(Extracted information):

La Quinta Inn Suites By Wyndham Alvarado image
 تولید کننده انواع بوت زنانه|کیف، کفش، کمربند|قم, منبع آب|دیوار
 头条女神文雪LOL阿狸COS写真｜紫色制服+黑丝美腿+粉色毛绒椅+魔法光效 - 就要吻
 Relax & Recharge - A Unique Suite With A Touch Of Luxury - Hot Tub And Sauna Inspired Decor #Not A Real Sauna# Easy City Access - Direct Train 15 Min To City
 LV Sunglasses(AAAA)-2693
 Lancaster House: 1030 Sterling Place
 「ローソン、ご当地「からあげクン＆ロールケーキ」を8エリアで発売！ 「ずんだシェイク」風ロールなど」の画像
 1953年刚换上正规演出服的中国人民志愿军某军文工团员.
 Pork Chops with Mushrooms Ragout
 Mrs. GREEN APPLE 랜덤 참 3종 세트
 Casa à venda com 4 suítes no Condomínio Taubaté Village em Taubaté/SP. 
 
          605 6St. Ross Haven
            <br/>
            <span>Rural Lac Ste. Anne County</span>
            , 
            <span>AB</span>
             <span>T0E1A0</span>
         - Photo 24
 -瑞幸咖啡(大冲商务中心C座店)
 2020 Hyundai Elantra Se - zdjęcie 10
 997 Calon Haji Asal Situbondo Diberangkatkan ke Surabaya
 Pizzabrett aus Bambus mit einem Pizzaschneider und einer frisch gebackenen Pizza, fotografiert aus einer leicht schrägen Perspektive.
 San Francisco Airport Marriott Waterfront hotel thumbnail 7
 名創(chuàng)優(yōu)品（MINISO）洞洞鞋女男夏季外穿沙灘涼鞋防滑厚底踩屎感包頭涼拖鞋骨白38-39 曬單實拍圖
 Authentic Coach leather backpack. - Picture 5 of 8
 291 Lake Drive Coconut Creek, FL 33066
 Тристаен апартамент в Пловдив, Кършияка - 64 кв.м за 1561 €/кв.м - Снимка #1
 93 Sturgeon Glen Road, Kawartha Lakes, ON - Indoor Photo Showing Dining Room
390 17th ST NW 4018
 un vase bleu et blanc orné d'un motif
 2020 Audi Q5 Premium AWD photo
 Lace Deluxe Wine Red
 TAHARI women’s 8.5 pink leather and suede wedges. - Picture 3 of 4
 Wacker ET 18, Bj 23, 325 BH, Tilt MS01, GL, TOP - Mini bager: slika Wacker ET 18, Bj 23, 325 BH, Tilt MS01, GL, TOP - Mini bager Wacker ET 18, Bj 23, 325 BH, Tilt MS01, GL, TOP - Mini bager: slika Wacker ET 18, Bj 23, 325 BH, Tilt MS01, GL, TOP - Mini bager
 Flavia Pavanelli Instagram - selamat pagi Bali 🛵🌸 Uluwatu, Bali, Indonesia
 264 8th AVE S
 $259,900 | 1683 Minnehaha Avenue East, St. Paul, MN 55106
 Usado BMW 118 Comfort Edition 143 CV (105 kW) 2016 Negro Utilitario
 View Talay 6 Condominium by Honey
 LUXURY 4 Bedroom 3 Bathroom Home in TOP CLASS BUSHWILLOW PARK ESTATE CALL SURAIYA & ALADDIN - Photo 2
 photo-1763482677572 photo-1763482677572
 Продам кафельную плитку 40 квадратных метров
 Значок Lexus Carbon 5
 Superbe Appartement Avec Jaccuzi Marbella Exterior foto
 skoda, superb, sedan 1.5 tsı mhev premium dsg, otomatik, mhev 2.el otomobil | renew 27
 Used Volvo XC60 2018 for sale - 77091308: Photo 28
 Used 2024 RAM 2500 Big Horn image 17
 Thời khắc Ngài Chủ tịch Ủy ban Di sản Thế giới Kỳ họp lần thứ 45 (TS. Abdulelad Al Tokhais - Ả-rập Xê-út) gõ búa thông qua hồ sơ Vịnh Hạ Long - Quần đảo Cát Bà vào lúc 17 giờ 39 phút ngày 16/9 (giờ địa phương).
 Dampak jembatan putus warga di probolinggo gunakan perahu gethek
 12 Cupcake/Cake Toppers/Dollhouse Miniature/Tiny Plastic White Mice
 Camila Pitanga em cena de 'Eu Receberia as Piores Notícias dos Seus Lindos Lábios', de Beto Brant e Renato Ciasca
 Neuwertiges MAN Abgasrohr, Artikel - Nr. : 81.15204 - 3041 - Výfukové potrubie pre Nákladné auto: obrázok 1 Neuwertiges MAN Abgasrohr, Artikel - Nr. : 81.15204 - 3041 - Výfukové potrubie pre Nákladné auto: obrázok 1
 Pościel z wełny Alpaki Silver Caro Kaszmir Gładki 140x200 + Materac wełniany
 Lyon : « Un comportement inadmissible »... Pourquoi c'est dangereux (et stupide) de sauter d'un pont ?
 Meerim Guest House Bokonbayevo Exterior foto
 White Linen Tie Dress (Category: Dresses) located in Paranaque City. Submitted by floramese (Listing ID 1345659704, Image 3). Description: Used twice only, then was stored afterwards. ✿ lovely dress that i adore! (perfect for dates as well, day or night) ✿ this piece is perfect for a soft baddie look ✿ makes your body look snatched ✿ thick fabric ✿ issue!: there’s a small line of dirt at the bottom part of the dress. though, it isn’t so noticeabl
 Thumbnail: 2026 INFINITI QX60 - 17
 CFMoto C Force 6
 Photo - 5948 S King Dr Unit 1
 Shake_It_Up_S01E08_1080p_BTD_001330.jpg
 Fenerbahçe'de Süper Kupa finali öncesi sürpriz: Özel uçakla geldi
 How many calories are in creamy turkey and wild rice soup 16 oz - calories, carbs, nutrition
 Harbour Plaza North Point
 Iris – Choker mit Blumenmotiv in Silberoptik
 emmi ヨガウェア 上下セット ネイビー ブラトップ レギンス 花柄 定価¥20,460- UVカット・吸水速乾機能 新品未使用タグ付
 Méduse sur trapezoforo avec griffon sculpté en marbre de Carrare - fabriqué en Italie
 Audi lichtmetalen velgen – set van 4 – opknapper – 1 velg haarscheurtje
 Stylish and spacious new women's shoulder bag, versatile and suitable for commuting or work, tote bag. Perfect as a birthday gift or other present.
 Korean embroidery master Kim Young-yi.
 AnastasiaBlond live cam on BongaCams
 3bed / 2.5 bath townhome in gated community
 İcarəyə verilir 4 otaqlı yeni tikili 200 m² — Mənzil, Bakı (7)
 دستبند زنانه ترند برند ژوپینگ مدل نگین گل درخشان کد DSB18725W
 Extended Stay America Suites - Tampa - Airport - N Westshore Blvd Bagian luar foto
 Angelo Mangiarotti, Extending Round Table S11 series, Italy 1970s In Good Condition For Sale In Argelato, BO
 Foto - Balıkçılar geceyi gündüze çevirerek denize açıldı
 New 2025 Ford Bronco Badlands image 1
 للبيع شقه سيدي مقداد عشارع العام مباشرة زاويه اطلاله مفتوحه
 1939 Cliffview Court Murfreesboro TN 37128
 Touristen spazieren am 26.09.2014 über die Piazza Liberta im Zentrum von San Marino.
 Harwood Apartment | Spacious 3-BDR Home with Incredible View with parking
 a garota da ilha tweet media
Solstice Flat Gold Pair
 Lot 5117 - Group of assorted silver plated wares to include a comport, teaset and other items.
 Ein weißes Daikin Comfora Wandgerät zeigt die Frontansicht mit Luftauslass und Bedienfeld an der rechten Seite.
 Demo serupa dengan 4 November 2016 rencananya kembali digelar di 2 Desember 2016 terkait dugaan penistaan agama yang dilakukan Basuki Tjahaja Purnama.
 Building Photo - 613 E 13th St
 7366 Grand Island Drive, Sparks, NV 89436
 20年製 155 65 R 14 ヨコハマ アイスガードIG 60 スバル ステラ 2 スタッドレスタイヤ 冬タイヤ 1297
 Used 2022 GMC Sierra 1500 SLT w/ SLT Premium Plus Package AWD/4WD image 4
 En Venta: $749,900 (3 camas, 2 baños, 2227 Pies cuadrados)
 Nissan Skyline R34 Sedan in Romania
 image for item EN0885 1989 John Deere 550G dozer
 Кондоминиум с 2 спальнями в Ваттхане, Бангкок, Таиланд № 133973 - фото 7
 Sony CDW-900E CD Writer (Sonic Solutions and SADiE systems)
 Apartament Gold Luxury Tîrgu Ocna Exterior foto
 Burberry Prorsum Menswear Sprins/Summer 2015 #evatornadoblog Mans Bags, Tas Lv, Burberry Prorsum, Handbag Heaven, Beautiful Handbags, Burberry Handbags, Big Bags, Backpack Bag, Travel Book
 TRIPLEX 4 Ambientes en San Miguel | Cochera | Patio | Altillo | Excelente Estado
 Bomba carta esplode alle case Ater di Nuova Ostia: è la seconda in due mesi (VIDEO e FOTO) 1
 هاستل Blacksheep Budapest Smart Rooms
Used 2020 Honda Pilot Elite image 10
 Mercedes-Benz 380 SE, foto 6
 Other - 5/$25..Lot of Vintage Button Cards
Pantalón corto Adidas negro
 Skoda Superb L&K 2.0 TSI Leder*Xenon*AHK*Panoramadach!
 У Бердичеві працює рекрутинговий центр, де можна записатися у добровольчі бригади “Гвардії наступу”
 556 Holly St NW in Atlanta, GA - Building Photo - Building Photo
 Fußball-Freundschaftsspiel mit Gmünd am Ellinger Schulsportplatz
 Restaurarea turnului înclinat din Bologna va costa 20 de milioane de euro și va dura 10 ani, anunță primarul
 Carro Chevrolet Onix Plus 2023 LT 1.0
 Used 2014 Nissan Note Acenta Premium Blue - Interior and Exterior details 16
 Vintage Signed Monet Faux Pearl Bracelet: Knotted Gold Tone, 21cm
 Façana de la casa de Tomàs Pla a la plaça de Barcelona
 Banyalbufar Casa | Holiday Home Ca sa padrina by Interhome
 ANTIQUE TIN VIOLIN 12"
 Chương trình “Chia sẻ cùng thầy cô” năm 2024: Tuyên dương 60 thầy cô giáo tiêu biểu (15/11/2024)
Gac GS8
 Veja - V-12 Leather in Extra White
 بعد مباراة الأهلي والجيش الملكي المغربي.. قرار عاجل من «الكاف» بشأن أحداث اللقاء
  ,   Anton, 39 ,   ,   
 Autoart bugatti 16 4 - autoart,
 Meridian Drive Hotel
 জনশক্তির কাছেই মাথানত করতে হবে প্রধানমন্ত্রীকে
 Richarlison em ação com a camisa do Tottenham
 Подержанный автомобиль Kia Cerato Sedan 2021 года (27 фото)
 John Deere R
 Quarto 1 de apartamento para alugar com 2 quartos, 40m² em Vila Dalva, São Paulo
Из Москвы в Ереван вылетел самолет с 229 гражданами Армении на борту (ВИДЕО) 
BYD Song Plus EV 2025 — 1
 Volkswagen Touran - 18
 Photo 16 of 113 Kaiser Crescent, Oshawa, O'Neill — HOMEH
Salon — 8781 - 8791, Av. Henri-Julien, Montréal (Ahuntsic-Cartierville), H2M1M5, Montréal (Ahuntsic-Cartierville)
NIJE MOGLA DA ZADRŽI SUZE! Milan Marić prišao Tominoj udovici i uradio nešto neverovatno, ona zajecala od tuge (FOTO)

(Try it): In the records above, find the line containing "Photo 16 of" and print it and every later line exactly, through the last one.

(Answer to this task):
 Photo 16 of 113 Kaiser Crescent, Oshawa, O'Neill — HOMEH
Salon — 8781 - 8791, Av. Henri-Julien, Montréal (Ahuntsic-Cartierville), H2M1M5, Montréal (Ahuntsic-Cartierville)
NIJE MOGLA DA ZADRŽI SUZE! Milan Marić prišao Tominoj udovici i uradio nešto neverovatno, ona zajecala od tuge (FOTO)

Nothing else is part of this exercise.